Cost of capital is largely offset by bigger companies’ bountiful free cash flows, but Laghari spelled out how expensive it is for the few small companies that may need it. He said reserve-based lending and some securitizations have interest rates at about 8.5% interest.

Scale matters, Laghari said, and the cost of capital is particularly tough for companies with market capitalization under $1 billion.

“It's hard to compete when you don't have the lowest cost of capital, and the difference just keeps growing bigger, not just in terms of the cost of capital but also the size threshold where there is a differentiation,” he said. “What does that mean from a valuation multiple perspective? Free cash flow yield is … focused on versus EBITDA multiples … and there is a 6% difference between that large cap versus the smaller cap.”

The need to spend might be greater than expected: Rippstein pointed out that global upstream capex has declined by nearly a third since 2014. He said capex is particularly low in North America.

“The rest of the world … they’re spending. They realize the problem,” he said.

Laghari said the supermajors’ capex is calculated in nominal dollars. Calculating them in 2022 dollars shows a significant drop in capex spending.

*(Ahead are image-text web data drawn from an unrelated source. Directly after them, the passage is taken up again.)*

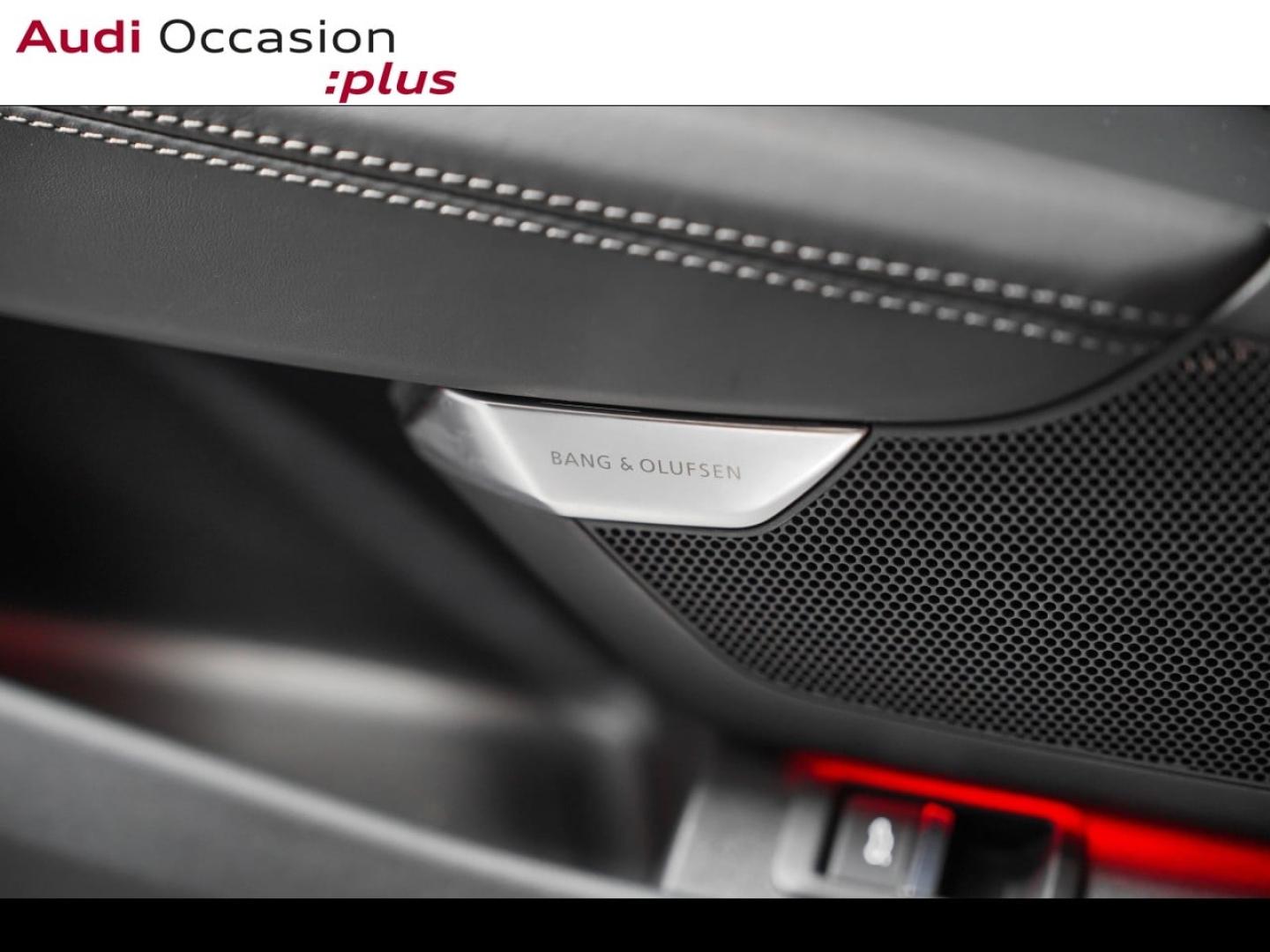 Voitures occasions Audi RS e-tron GT S Extended Paris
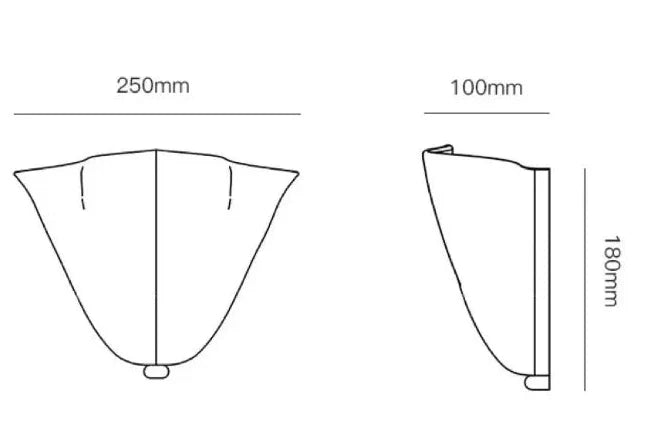 Harsynta Wall Lamp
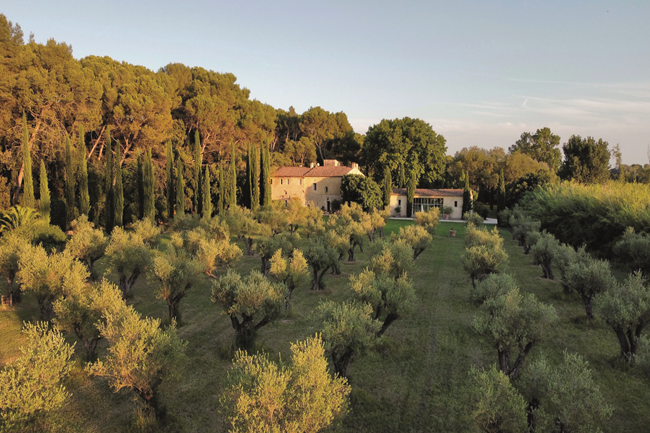 Seeking Pure Pleasure at These 5 Country Retreats in Provence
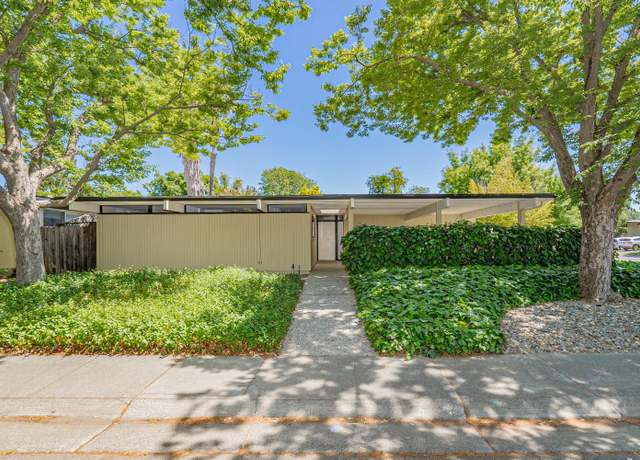 Property at 1404 Pine Ln, Davis, CA 95616, 4 beds, 2 baths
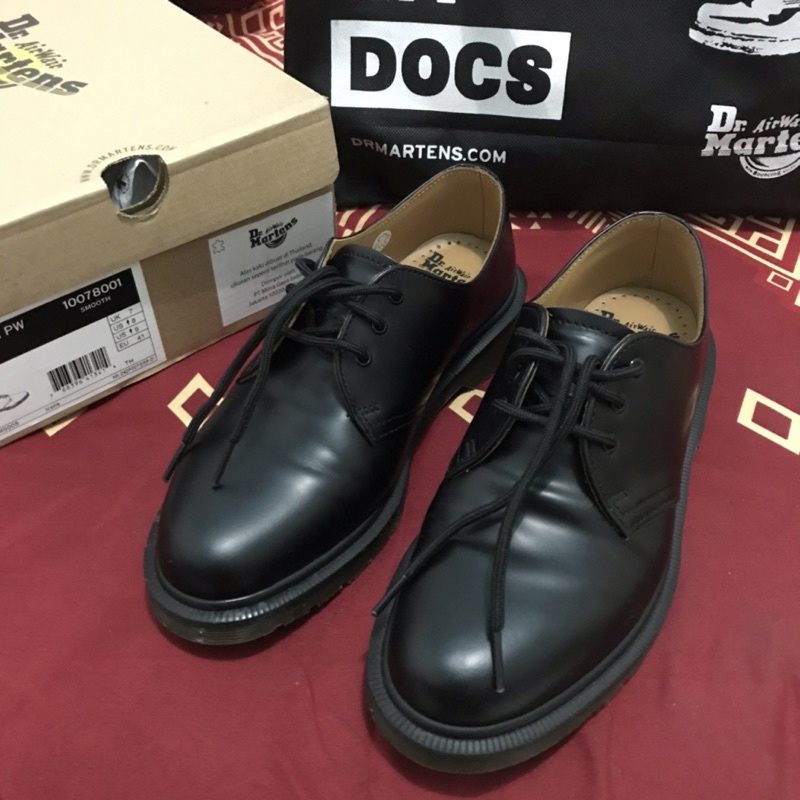 Dr martens 1461 PW Black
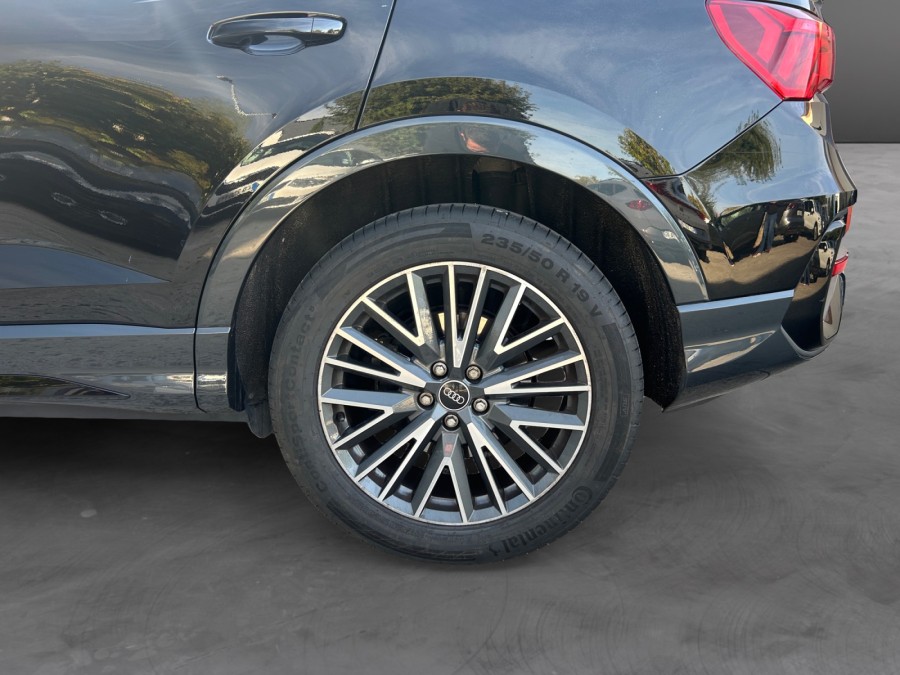 AUDI d'occasion Q3 SPORTBACK 40 TDI 200ch S line quattro S tronic 7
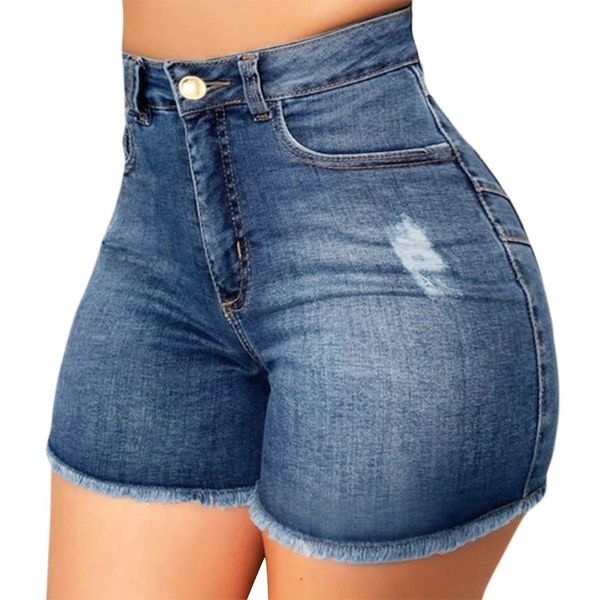 women fashion push up slim denim shorts summer vintage high waist ripped tassel casual short jeans streetwear 210304, White;black
women fashion push up slim denim shorts summer vintage high waist ripped tassel casual short jeans streetwear 210304, White;black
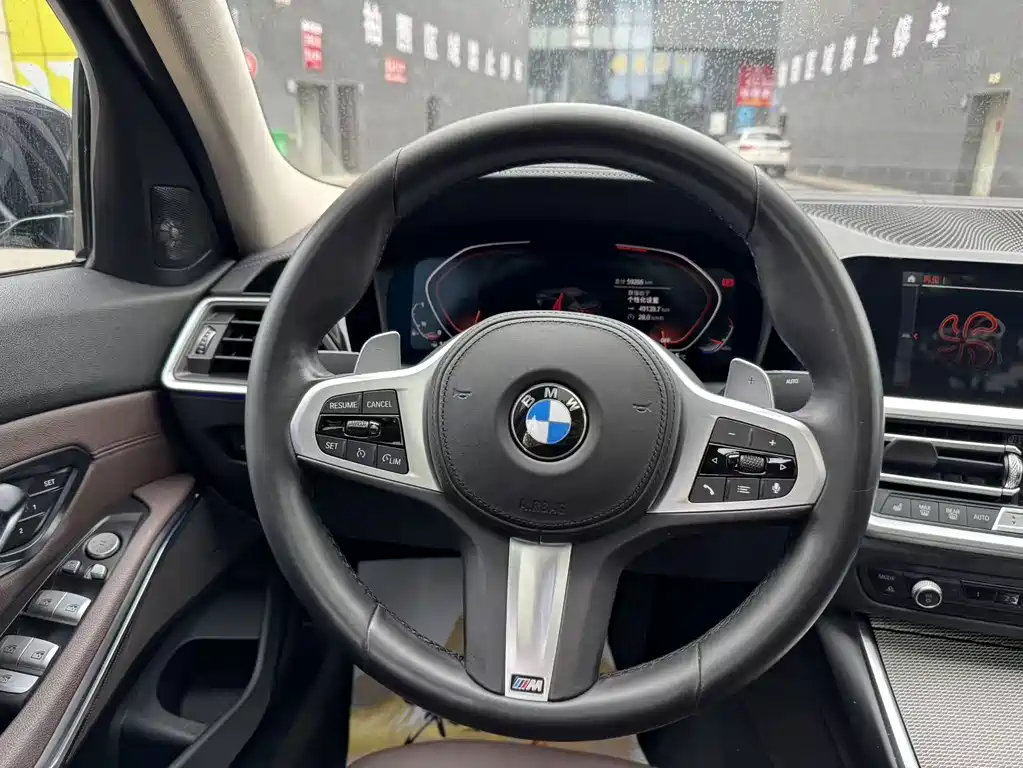 BMW 3 Series 2020 — фото 11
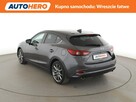 Mazda 3 navi klima auto kamera i czujnki parkowania grzane fotele - 4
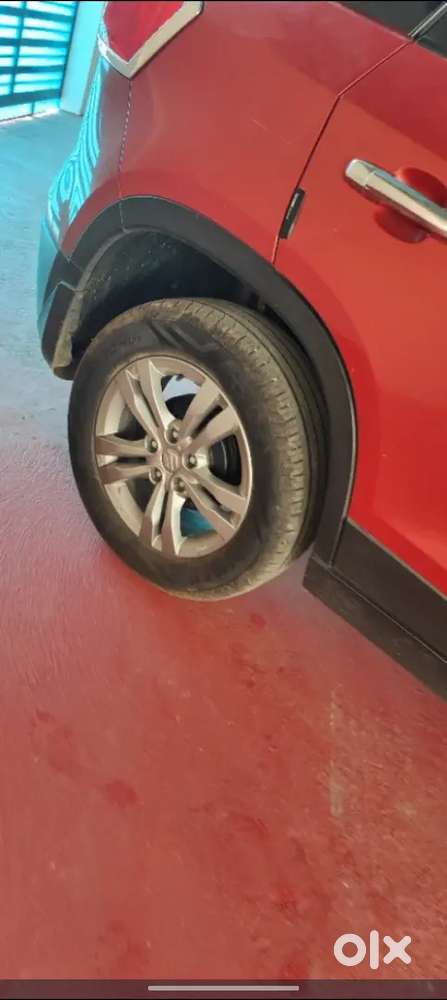 Maruti Suzuki Brezza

“We’re actually spending 60% to 70% less on inflation-adjusted capex than we were at a time when we were matching demand,” he said. “So, there was critical amounts of investment that is needed in the sector that is not being spent right now.

“We may not feel it in certain commodities in certain areas, but the whole world is feeling it.”

Rippstein also said much lower private equity investments in conventional energy have slumped.

“What you saw from 2014 to 2017 was a number of fundraising cycles that showed $30 plus billion in capital raised. More recently [it’s] not so much, an average of about $2 billion per year,” he said.